As the most dangerous group, skilled attackers are competent system administrators, security researchers, penetration specialists, and criminals who want access to specific resources. Taking over computers is a lucrative business these days. Sending junk email or launching distributed denial-of-service attacks can bring in large sums of money. These intruders don’t care who they attack, as long as they secure the computing resources they need.

If your company has valuable secrets, however, you might attract an entirely different type of intruder: someone who wants access to your network in particular. If your employer creates anything—from software to cast-iron tulips for front-wheel-drive vehicles—there’s likely a market for illicit copies of your product. Someone will find it worthwhile to probe every port on every IP address you expose to the Internet. It might take a long time, but that’s okay. Your data has a price tag, and the scan is cheap. This is often called the advanced persistent threat, or APT.

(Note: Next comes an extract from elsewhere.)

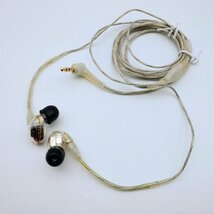 0789♪【ジャンク品・１円開始】SHURE シュア SE846G2CL 第2世代 有線イヤホン インイヤー 高遮音性テクノロジー 脱着式ケーブル クリア_画像4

Security measures that stop the other types of intruders affect the techniques used by skilled attackers. If you’ve ditched that unsecured inbound access method, the intruder can’t find it. If your servers and programs are up to date and correctly configured, the intruder will need to find a previously unknown exploit to break into your network. If a skilled intruder really wants your company’s data, he will need to change tactics. Maybe he will try dumpster diving for old sticky notes, or even show up dressed as a telco repairman and try to install a packet sniffer. If an intruder knows everything about your network and his easiest way to break in is still something out of a caper film, your security is pretty good.